Anthologie des humoristes français contemporains/Au feu d’artifice

La bibliothèque libre.
Anthologie des humoristes français contemporainsLibrairie Delagrave (p. 122-124).

AU FEU D’ARTIFICE

Un moutard (sur un arbre). — Attention ! ça commence.

La foule. — Ah ! ah !

Un moutard. — Vous dérangez pas, je me suis trompé : c’est un m’sieu qui allume sa pipe.

Un calicot (à ses amis). — Par la géhenne ! messires, il y a dans ce pertuis grande affluence de populaire.

Un monsieur en casquette. — Le populaire vous vaut bien, je pense… Faut pas ici avoir des airs…

Le calicot. — Permettez, monsieur, mon intention n’est point d’offenser personne ; j’emploie pour désigner la foule une expression ancienne dont on se servait jadis pour parler de la multitude.

Le monsieur en casquette. — Eh bien, de quoi ! qu’est-ce qu’elle vous doit, la multitude ?

Le calicot. — Absolument rien, mais…

Le monsieur en casquette. — Eh bien, alors, mettez un cadenas à vos gencives ; c’est pas trop tôt.

Une dame. — Monsieur, monsieur ! mais vous me marchez sur le pied.

Un monsieur. — Je ne l’ai pas fait exprès.

Un moutard. — Il ne manquerait plus que ça.

Une jeune fille. — Maman, qu’est-ce que c’est là-bas, c’te illumination ?

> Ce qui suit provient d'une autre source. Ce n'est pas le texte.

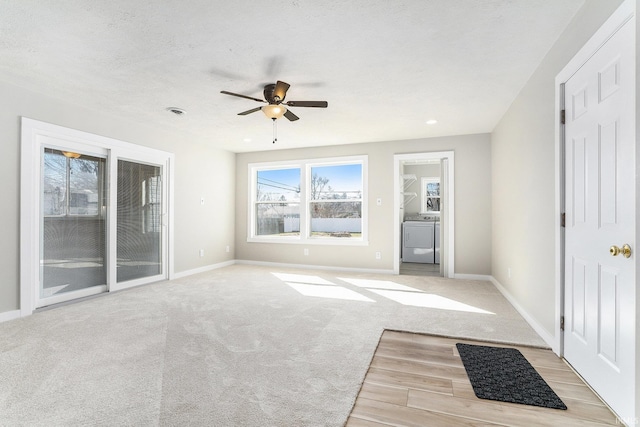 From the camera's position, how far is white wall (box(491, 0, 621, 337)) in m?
2.22

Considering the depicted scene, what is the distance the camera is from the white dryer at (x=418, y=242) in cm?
695

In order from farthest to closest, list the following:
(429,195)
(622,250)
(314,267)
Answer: (429,195) → (314,267) → (622,250)

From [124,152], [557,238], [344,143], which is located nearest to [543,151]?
[557,238]

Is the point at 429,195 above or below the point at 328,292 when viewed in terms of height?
above

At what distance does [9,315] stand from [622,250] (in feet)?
16.9

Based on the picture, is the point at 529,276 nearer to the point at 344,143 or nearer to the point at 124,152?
the point at 344,143

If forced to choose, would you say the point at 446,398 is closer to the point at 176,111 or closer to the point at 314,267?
the point at 176,111

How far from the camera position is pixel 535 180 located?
2875 millimetres

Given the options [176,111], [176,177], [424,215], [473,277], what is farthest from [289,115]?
[424,215]

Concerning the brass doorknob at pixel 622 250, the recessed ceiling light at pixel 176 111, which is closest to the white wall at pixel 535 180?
the brass doorknob at pixel 622 250

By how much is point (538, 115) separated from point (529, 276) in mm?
1559

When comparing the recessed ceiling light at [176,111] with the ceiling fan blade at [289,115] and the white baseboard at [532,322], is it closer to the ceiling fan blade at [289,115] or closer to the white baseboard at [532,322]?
the ceiling fan blade at [289,115]

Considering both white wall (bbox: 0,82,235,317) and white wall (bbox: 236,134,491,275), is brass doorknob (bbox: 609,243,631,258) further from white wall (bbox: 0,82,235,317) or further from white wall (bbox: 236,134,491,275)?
white wall (bbox: 0,82,235,317)

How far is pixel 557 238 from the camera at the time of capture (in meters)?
2.34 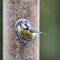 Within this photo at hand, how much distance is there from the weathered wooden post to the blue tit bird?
30 millimetres

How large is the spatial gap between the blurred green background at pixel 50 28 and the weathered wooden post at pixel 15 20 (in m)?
0.50

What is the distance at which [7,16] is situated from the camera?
6.87 feet

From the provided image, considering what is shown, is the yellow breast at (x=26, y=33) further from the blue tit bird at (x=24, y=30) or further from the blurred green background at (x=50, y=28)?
the blurred green background at (x=50, y=28)

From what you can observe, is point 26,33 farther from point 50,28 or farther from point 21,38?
point 50,28

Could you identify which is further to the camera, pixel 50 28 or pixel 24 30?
pixel 50 28

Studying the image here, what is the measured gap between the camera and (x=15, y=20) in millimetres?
2059

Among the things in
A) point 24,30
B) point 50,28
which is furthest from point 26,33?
point 50,28

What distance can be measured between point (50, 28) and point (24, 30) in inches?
24.2

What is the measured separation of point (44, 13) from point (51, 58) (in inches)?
Answer: 10.6

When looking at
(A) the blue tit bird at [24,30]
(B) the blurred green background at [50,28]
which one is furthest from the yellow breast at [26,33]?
(B) the blurred green background at [50,28]

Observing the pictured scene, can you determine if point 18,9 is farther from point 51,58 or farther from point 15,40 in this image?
point 51,58

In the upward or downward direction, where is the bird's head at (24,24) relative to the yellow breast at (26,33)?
upward

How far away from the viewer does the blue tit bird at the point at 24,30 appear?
78.9 inches

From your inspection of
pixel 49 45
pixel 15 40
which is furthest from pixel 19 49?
pixel 49 45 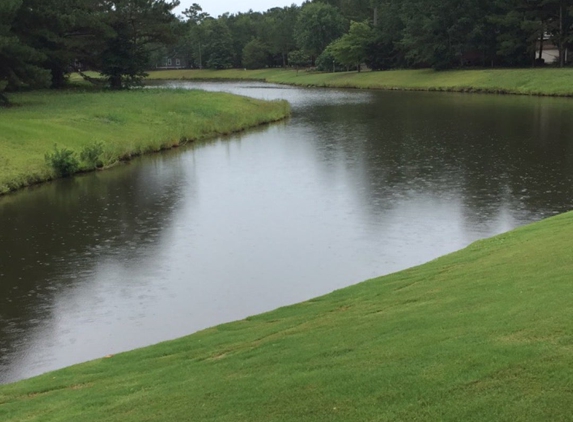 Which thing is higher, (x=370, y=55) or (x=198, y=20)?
(x=198, y=20)

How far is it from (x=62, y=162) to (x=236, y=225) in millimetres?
11994

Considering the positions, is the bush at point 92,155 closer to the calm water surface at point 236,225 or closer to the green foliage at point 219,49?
the calm water surface at point 236,225

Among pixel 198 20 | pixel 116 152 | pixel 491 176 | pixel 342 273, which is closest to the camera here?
pixel 342 273

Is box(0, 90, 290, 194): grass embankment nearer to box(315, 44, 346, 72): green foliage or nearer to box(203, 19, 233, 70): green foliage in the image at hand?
box(315, 44, 346, 72): green foliage

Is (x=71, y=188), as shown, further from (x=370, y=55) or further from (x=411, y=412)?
(x=370, y=55)

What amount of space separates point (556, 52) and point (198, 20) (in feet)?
394

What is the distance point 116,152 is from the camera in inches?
1435

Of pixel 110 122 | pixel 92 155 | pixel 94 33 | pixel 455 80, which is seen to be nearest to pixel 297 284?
pixel 92 155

La maman. — C’est la tour Saint-Jacques… ou Saint-Sulpice… peut-être bien le Panthéon.

Le moutard. — Le Panthéon ? Oh ! la la ! c’est le robinet d’eau chaude des bains à quat’sous !

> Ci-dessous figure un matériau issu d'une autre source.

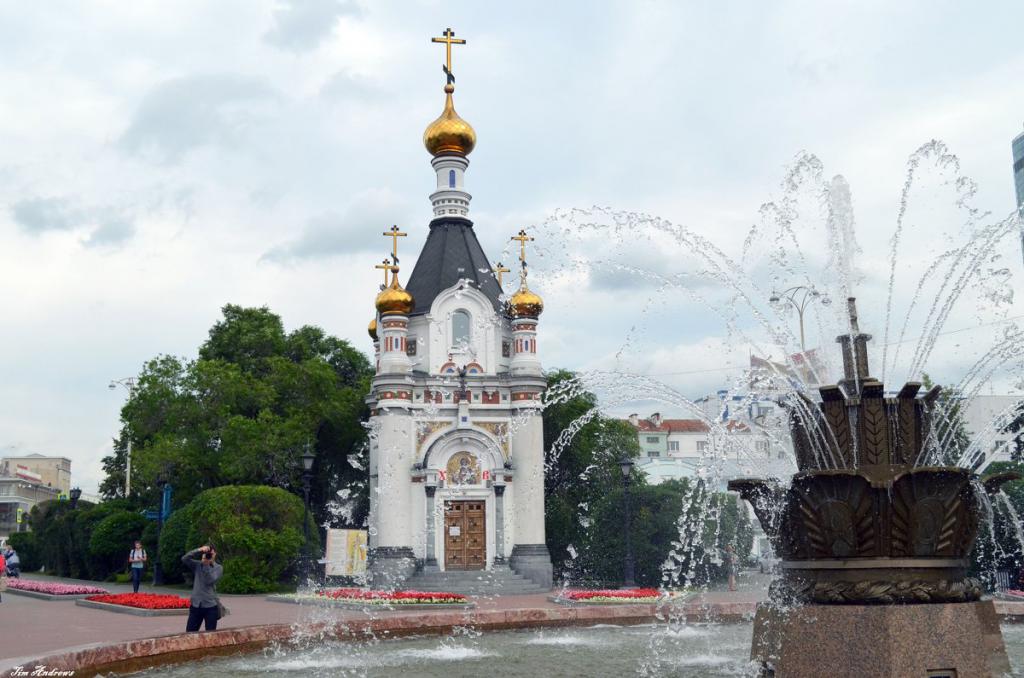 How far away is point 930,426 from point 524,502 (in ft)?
73.1

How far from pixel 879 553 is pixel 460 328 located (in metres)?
24.0

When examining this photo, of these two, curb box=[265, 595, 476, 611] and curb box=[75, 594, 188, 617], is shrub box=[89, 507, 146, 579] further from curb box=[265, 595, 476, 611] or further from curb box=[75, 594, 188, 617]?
curb box=[75, 594, 188, 617]

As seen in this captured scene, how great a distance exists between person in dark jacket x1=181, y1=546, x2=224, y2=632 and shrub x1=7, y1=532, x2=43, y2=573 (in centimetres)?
3496

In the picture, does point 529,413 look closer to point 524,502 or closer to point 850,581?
point 524,502

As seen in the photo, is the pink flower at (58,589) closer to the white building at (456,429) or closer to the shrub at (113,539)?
the shrub at (113,539)

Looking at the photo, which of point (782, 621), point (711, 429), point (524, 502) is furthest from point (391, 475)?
point (782, 621)

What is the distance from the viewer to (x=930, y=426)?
9094mm

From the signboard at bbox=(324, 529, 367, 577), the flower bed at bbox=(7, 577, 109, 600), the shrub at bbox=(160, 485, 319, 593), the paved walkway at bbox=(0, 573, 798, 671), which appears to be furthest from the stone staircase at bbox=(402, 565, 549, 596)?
the flower bed at bbox=(7, 577, 109, 600)

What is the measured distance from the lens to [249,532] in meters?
26.9

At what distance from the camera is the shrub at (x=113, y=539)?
111 ft

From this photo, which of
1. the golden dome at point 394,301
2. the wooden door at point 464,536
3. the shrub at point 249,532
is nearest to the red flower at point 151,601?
the shrub at point 249,532

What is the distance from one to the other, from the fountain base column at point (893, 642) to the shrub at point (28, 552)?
41.9 m

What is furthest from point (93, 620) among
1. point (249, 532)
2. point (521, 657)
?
point (249, 532)

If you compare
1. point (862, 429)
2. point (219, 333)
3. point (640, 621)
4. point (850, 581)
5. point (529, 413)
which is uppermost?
point (219, 333) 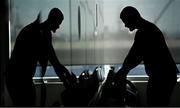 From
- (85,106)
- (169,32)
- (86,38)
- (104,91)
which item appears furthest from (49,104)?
(169,32)

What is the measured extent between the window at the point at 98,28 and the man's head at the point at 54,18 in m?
0.02

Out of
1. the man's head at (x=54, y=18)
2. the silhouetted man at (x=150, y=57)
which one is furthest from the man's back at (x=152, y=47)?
the man's head at (x=54, y=18)

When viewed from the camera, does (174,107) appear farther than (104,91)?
No

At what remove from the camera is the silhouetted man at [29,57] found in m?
1.62

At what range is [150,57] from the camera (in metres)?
1.60

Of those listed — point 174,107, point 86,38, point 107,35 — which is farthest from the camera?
point 86,38

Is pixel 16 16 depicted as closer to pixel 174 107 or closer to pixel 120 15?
pixel 120 15

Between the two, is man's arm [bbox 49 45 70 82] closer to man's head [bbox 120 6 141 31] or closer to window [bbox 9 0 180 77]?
window [bbox 9 0 180 77]

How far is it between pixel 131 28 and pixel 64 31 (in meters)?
0.35

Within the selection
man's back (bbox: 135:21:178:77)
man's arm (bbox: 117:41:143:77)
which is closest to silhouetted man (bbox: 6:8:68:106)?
man's arm (bbox: 117:41:143:77)

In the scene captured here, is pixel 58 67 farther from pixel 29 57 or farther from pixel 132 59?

Une voix. — Ah çà ! mais ça ne va donc pas commencer ?

Autre voix. — On étouffe.

Autre voix. — C’est fatigant d’attendre ainsi.

Le moutard. — Ne vous gênez pas, asseyez-vous. Quand ça commencera, je frapperai les trois coups.

La dame. — Voulez-vous bien vous taire, insolent !

Le moutard. — Puisqu’il vous dit qu’il ne l’a pas fait exprès, faut pas lui en vouloir, à cet homme.

Une voix. — Vas pas te taire, méchant gamin !

Le moutard. — Qu’est-ce qu’il a à gémir, cet Espagnol de Batignolles ? — Accusé, taisez-vous.

La foule. — Ah ! ah ! ah !

Plusieurs voix. — Ne poussez donc pas comme ça.

Le monsieur en casquette. — Comment donc voulez-vous que je pousse, alors ?

Une voix. — Ne poussez pas du tout.

Autre voix. — Oh ! comme les fusées filent, on dirait qu’elles vont plus haut que la lune.

Le moutard. — Elles passent à travers, il y a des trous.

Une voix. — Voici la grande pièce.

Le moutard. — Minute ! je vas prendre ma longue-vue. (Il place devant ses yeux sa main arrondie en cornet.) Attention ! j’vas faire l’explication : Ça représente la prise de Sébastopol. Je vois Edmond Galland habillé en général…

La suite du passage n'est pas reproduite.